Project: data architecture improvements

andymatuschak commented 3 years ago

As I implemented the API for Orbit, I noticed that I made syncing very cost-inefficient by giving each task state its own hash graph. Since I'll need to run a full-database migration to change this (see #188), I figured I should simultaneously make any other changes I'd like to see in the data model—these migrations are a hassle.

A few key things I'd like to do:

Prepare the data model for future variation: non-prompt tasks and different scheduling strategies. In particular I'd like to eliminate the distinction between ActionLog and PromptActionLog, and I'd like to make PromptState become TaskState. Tasks should be able to specify an "interaction type" (memory, exercise, activity, etc) in addition to describing the contents; the interaction type will determine the feedback semantics and the default scheduling behavior. I'll at least partially think through how e.g. an incremental reading client, and a timeful text might be represented.
If possible, unify the three stored types (logs, prompts, and attachments) as "objects," so that storage / syncing modules can treat them more uniformly.
I'll sketch out how edits to prompts and organization operations (tags, folders) might work, just to make sure I'm not backing myself into a corner.

I'll start by just writing out new interfaces and playing with those. Then I'll perform the full migration. Then I'll have to work #188.

andymatuschak commented 3 years ago

As I sketch out new data structures, I notice that my approach is highly entangled with the important question of how to efficiently sync these structures (i.e. see #188). So I’ll have to discuss both at once.

I also notice just how much complexity I’ve caused for myself by framing the data model as a hash graph, with stable content-addressed identifiers and immutable contents. Yes, such structures have many excellent theoretical properties, but boy do they make it more difficult to iterate, and that is absolutely the wrong trade to be making for this project right now.

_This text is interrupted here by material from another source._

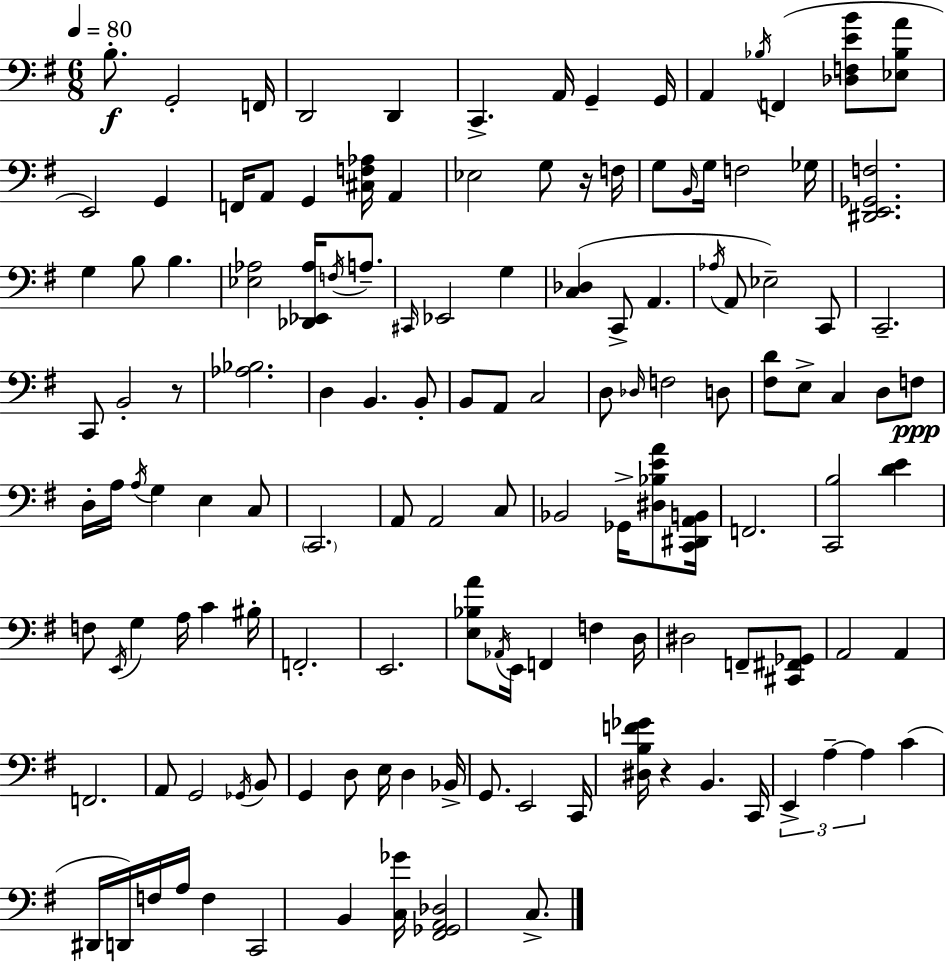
B3/e. G2/h F2/s D2/h D2/q C2/q. A2/s G2/q G2/s A2/q Bb3/s F2/q [Db3,F3,E4,B4]/e [Eb3,Bb3,A4]/e E2/h G2/q F2/s A2/e G2/q [C#3,F3,Ab3]/s A2/q Eb3/h G3/e R/s F3/s G3/e B2/s G3/s F3/h Gb3/s [D#2,E2,Gb2,F3]/h. G3/q B3/e B3/q. [Eb3,Ab3]/h [Db2,Eb2,Ab3]/s F3/s A3/e. C#2/s Eb2/h G3/q [C3,Db3]/q C2/e A2/q. Ab3/s A2/e Eb3/h C2/e C2/h. C2/e B2/h R/e [Ab3,Bb3]/h. D3/q B2/q. B2/e B2/e A2/e C3/h D3/e Db3/s F3/h D3/e [F#3,D4]/e E3/e C3/q D3/e F3/e D3/s A3/s A3/s G3/q E3/q C3/e C2/h. A2/e A2/h C3/e Bb2/h Gb2/s [D#3,Bb3,E4,A4]/e [C2,D#2,A2,B2]/s F2/h. [C2,B3]/h [D4,E4]/q F3/e E2/s G3/q A3/s C4/q BIS3/s F2/h. E2/h. [E3,Bb3,A4]/e Ab2/s E2/s F2/q F3/q D3/s D#3/h F2/e [C#2,F#2,Gb2]/e A2/h A2/q F2/h. A2/e G2/h Gb2/s B2/e G2/q D3/e E3/s D3/q Bb2/s G2/e. E2/h C2/s [D#3,B3,F4,Gb4]/s R/q B2/q. C2/s E2/q A3/q A3/q C4/q D#2/s D2/s F3/s A3/s F3/q C2/h B2/q [C3,Gb4]/s [F#2,Gb2,A2,Db3]/h C3/e.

Some notes on data structure desiderata:

We’d like efficiently queryable task state data structures.
- The most important element of these state structures is the current scheduler state—i.e. when the task is next due, its last review time, etc.
These state data structures must be associated in some way with the content of the tasks (e.g. the question/answer data), either through reference or through inlined containment.
- That content must be editable over time, though ideally with a preserved reference to its original provenance, so that we can e.g. group prompts related to a particular article, even when they’re edited.
- One complication which argues for separating task content and task state is that some content may actually specify multiple tasks, each with distinctly tracked state. For instance, a cloze deletion string may be reused across several tasks; changing that string affects all those tasks.
  - We need to be able to efficiently determine the relationship between these cloze deletion subtasks, so that we can e.g. not show multiple deletions from the same cloze in the same review session.
- Task content can specify an interaction type, which influences the language and layout of the interface we display, as well as the default scheduling behavior. For instance, memory tasks use “remembered” / “forgot” buttons, but reflective activities should use different language (and probably different default scheduling).
- Task content may come in different formats, such as “Q/A prompt”, “cloze deletion”, “plain text string” (e.g. for a reflective activity or generic task), “URL reference” (e.g. for a reading list), etc.
- Task content can specify scheduler hints or custom schedules.
- Task content can reference attachments, also managed by the data store.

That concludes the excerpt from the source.